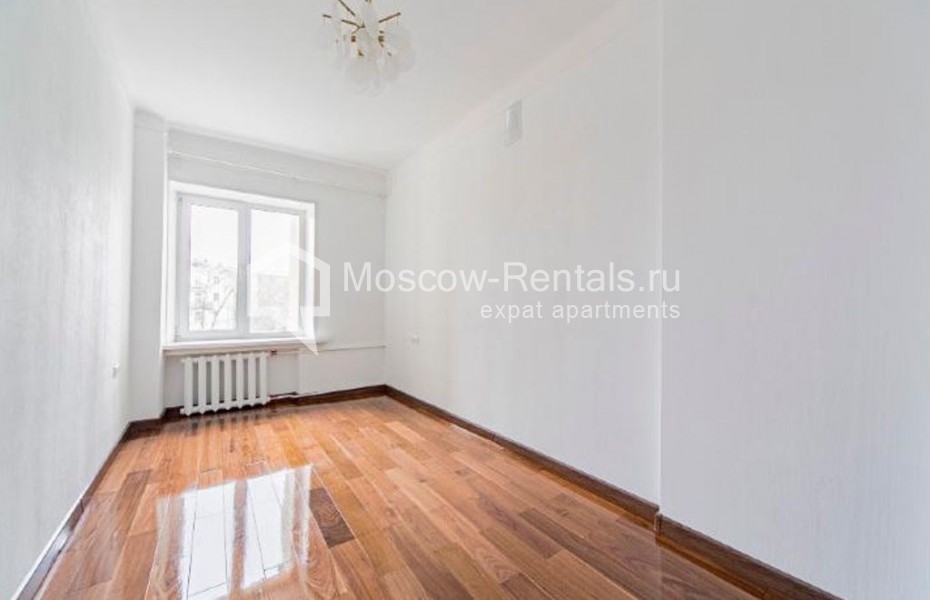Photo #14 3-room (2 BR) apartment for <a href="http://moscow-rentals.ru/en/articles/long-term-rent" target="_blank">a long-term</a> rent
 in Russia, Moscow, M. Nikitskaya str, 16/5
···
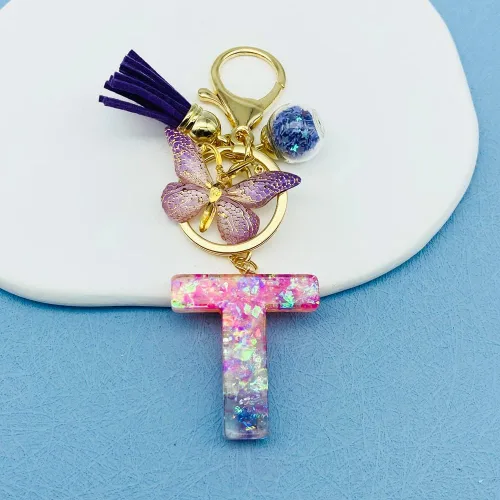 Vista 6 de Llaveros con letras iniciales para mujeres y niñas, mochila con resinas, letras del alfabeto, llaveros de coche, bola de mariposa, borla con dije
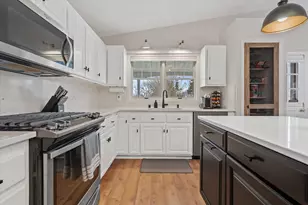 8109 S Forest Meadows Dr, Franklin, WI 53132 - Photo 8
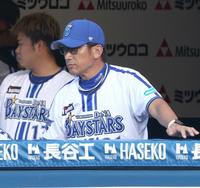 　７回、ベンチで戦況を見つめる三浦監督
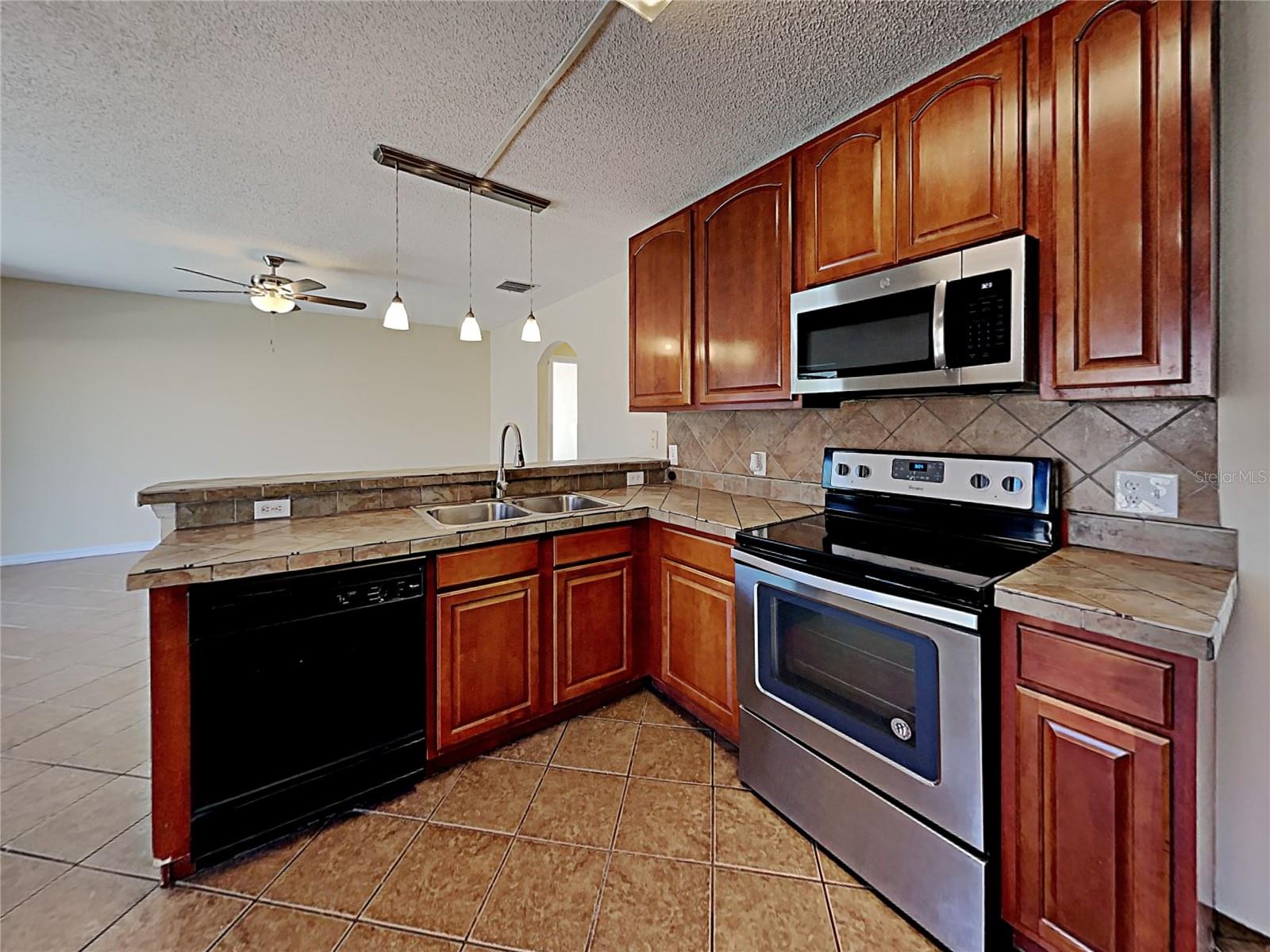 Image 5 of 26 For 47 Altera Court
···
Your instructions » Output exactly the lines above, from the line with "Photo #14 3-room" to the line with "in Russia, Moscow, M. Nikitskaya str, 16/5", both included; skip the pictures.

Task output »
Photo #14 3-room (2 BR) apartment for <a href="http://moscow-rentals.ru/en/articles/long-term-rent" target="_blank">a long-term</a> rent
 in Russia, Moscow, M. Nikitskaya str, 16/5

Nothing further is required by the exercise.